Chapter.1ー C 河川敷
河川敷 C1-C
部室を出た四人は学校の裏手に回り、道なりに歩く。ちょっとした空き地のような場所を抜けると下に続くカーブした急坂が姿を現す。かなりの角度だった。雨の日に歩いたら確実に怪我をしそうだ。坂を下ると階段が見えた。
「怜、みてみ」
悠が怜に対して話しかける。
「うわ、」
思わず声が漏れた怜をみて三人は笑みを浮かべた。
綺麗な琥珀色に染まる地平線。
それを反射させて波をたてる川の水面。
真ん中にそびえたつスカイツリー。
そのすぐ隣に見える富士山。
雲が少し出ている。
私はこの風景をしばらく眺めていた。
階段を降りると河川敷の堤防上へ出た。整備されたランニングコースのようなもので私たちはここを歩いている。
「ここの景色ってこんなに綺麗なんですね。」
怜が先輩方にそう話す。
「そうよ、私たちはいつも見てるもんね」
桃がちょっと強がったように言った。
「いつもじゃないだろ」
すかさず楓が声を上げた。
「この言い合いはいつも通りだけどね」
怜に向けて悠が話す。
桃と楓は言い争いを始めた。
「止めないんですか?」
「止める必要はないよ。

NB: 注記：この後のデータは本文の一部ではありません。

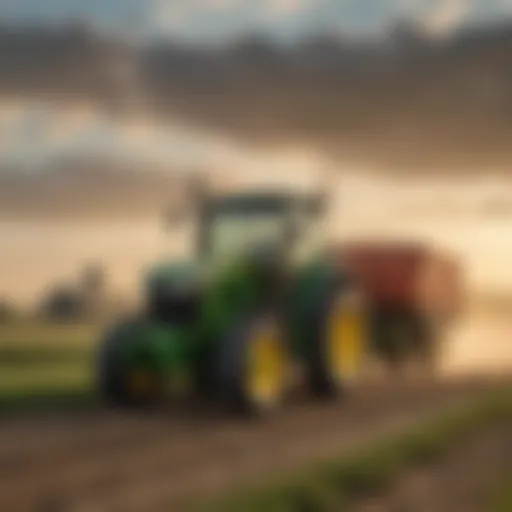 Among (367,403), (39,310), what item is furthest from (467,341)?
(39,310)

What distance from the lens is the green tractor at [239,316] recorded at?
423 centimetres

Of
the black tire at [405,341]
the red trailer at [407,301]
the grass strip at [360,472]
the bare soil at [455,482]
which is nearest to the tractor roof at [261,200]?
the grass strip at [360,472]

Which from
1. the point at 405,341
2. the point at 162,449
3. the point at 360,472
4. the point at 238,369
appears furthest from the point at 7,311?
the point at 405,341

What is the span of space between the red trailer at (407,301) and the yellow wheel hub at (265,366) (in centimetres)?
97

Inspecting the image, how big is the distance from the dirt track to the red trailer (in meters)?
0.81

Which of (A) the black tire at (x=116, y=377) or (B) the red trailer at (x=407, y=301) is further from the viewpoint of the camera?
(B) the red trailer at (x=407, y=301)

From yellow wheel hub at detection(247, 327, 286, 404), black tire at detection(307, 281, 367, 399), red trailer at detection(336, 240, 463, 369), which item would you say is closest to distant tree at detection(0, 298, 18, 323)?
yellow wheel hub at detection(247, 327, 286, 404)

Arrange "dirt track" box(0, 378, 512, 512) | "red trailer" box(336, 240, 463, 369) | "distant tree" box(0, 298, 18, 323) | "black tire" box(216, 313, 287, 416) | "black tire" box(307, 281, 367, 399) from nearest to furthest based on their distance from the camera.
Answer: "dirt track" box(0, 378, 512, 512) → "distant tree" box(0, 298, 18, 323) → "black tire" box(216, 313, 287, 416) → "black tire" box(307, 281, 367, 399) → "red trailer" box(336, 240, 463, 369)

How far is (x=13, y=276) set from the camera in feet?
11.9

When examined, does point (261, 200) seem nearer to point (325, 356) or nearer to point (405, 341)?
point (325, 356)

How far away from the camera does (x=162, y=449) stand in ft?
12.3

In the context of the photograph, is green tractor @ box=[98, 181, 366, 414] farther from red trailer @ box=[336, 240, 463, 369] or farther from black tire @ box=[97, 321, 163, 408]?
red trailer @ box=[336, 240, 463, 369]

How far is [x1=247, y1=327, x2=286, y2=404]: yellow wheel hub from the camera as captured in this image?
4254 mm

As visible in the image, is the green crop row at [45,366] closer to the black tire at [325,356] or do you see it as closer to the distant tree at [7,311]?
the distant tree at [7,311]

ちょっと聞いてみ」
そういわれた怜は二人の会話に耳を傾ける。
罵声や悪口は一切聞こえない。
ただただ強く言い合っているだけだった。
「仲いい証拠なんだよ。あの二人の」
悠は笑みを浮かべながら二人のことを見ていた。
「何!なんかうちらの話してた?!」
「教えろだし!」
二人が悠に攻め寄る。
「やぁ!?」
悠はそう言い残し、怜の手を引っ張って堤防の下へと下る階段を駆けた。
「まてええええ!」
二人が追いかけてくる。
「何も話してないって!!」
堤防の下はブロックが敷き詰められているようになっていた。凸凹していて、少し歩きにくい。三人は和解したようでまたさっきと同じような風景に戻っていた。
「明日って現文あるっけ?」
「いや、無いはずだよ?3時間短縮だから。」
桃と悠の会話を聞いていた咲が声を上げる。
「じゃあさ!明日お昼、公園でピクニックしない?!チリケンってそういうことするんでしょ?!」
「ちょっと違うけど、、、」
悠がそう告げると楓が食いついた。
「ええ???じゃあ行かない??」
「いや、そうじゃなくて、、、」
「私は行ってもいいぞ!」
桃がそういうと、悠も了承する。
「まあ、いっか、、、」
「よっしゃ!決まりだし!明日はお弁当持って放課後部室に集合ね!」
「地理的なこととかするんですか?」
怜が楓に聞く
「え?、、、あ」
「やっと気が付いた、、、ただ旅行をするだけじゃなかったんだよ?先輩たちの部活は。」
悠が楓を諭すように話しかける。
「まあ、いいでしょ。怜が入っての歓迎会もやりたいしさ!」
桃が部長としてその場をまとめる雰囲気を出す。
「確かに。」
「さすが桃だし!いいこと言うじゃん!!」
「だから、私まだ入るって確定したわけじゃ…」
やはり怜の声は聞こえないようで。
「よし!じゃあレジャーシートとかも持って行かなきゃだな!桃!よろしくぅ~!」
「えええ?!うち?!」
楓と桃の掛け合いを怜は眺めるばかりだった。
「怜、無理に来なくてもいいからね。」
悠が怜に落ち着いた声で話しかけた。
「い、いえ!私も行きたいですし!」
二人も見つめあって笑う。
明日への楽しみを胸に抱き、四人は家路についた。
江戸川の水面には月の形が映り、騒がしい波でかき消されていった。
C1 END
お読みいただきありがとうございました。
まだまだ素人なので色々とご指摘いただければ嬉しいです。
これからもよろしくお願いいたします!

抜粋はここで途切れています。